Problem: Find the ZIP's that are not repeated in df.ZIP (has to occur no more than once) and df.ST does not have values of '.'.
So I subset the original dataframe and applied Groupby - this still brought few rows that didn't meet the subset criteria(df.ST != '.'). So I created a separate df_us by subsetting with copy() option. Groupby still give the same index.
grouped = df[df.ST != '.'].groupby(['ZIP_CD'],sort=False) # grouping
df_size = pd.DataFrame({'ZIP':grouped.size().index, 'Count':grouped.size().values}) # Forming df around the group
df_count = df_size[df_size.Count==1] #df with Count=1
one_index = df_count.index.tolist() #gathering index
df_one = df.loc[one_index] #final df
df_us = df_data[df.ST != '.'].copy() # tried this too
The last code above still gives some index for values of '.' when I groupby. But df_us does not have any '.' at all. So this result in having same index column as above method - but for '.' values, rest of the row values are empty as df_us does not have them!
groupy is finding those index with '.' values no matter what I did.
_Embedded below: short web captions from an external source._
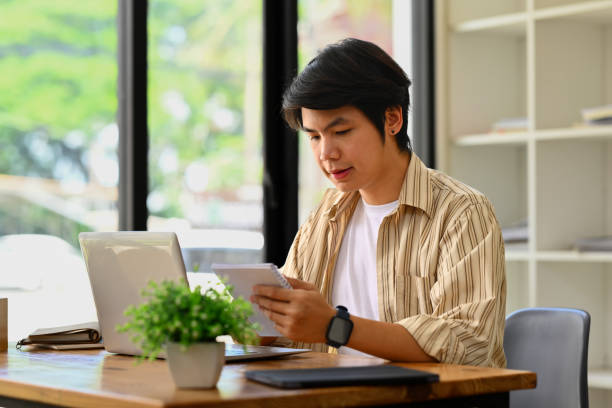 istock Millennial asian businessman sitting at office desk checking schedule or handwriting important information. 1502834116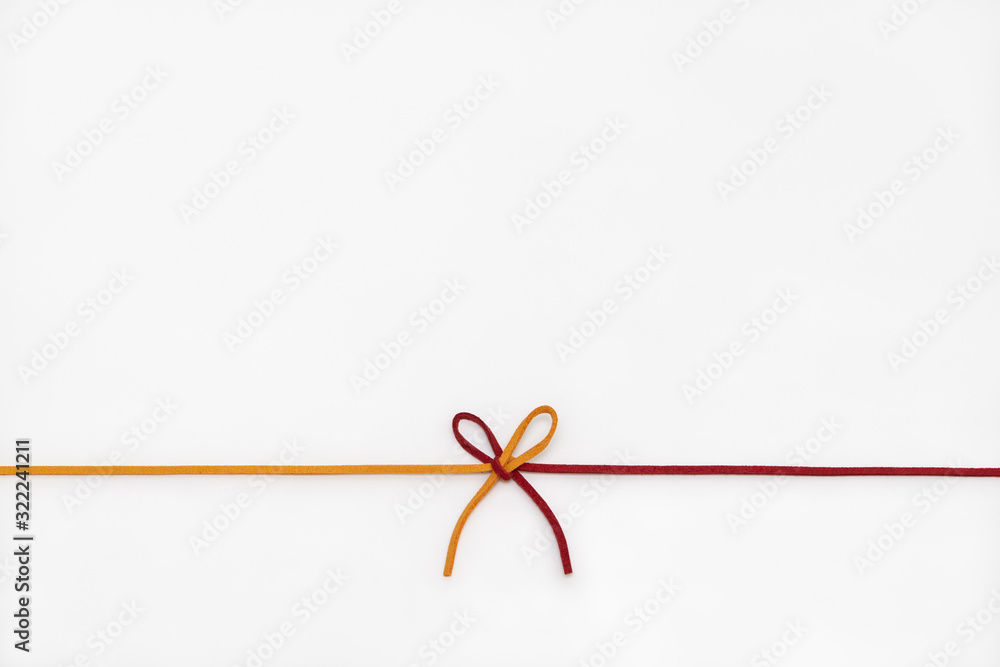 Yellow and red ribbon isolated on white background. two colors chamois string tied in a bow.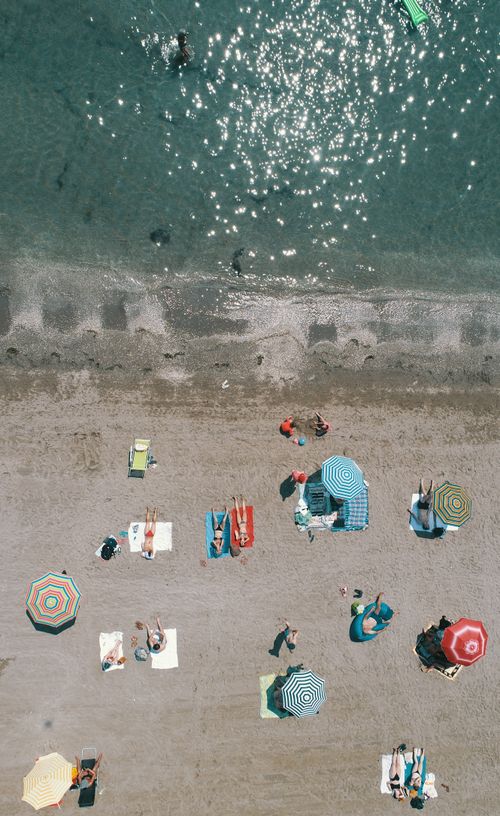 Free Aerial shot of sunbathers and colorful umbrellas on a Venetian beach, showcasing summer vibes. Stock Photo
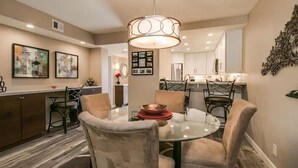 A modern dining area with a glass table, four chairs, and a central light fixture. - Cozy 2-bdrm Condo in Heart of Old Town Scottsdale! (Scottsdale)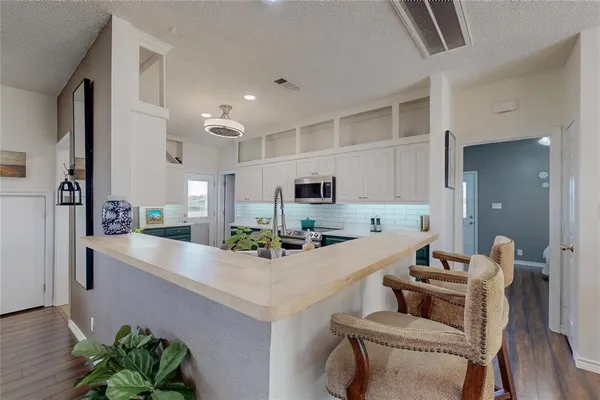 a kitchen with a table and chairs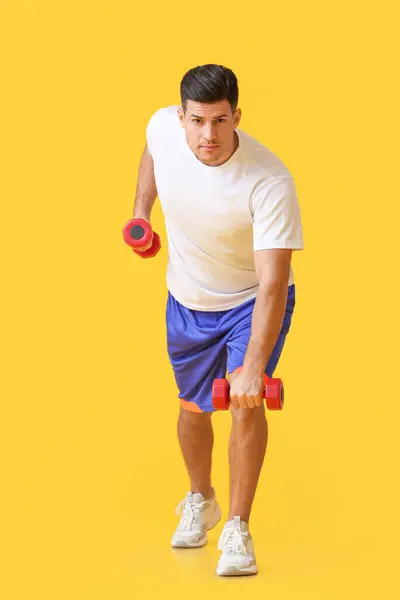 Sporty Young Man Training Dumbbells Color Background — Stock Photo, Image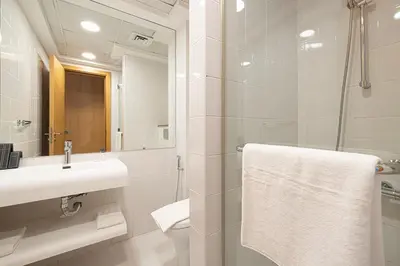 a bathroom with a sink and a shower with a mirror at Palm Jumeirah Luxury Villa 4BR Private BeachAccess in Dubai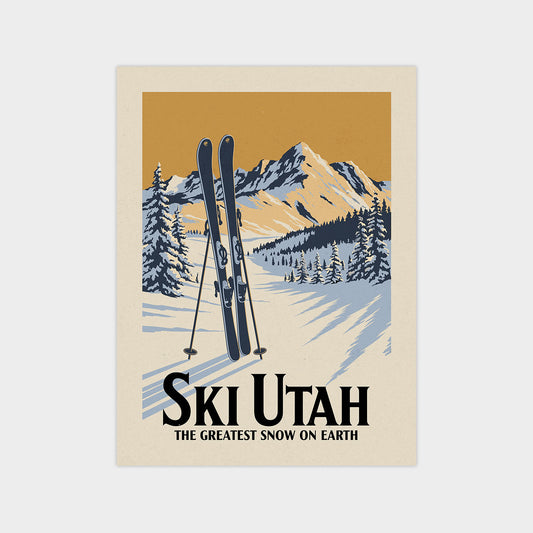 a poster of skis on a snowy mountain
Any solution?
update:
sample data =
index ST ZIP_CD
123 ca 94025
124 Toronto .
125 ga 30306
126 Italy .
127 ca 94025
So correct answer is
ST ZIP_CD
0 123 ca 94025
CodePudding user response:
# use lot where zip_cd ne .
# and zip_cd is not duplicated
(df.loc[df['ZIP'].ne('.') &
~df['ZIP'].isin(df.loc[df.duplicated(subset='ZIP')]['ZIP'])]
)
index ST ZIP_CD
0 123 ca 94025
2 125 ga 30306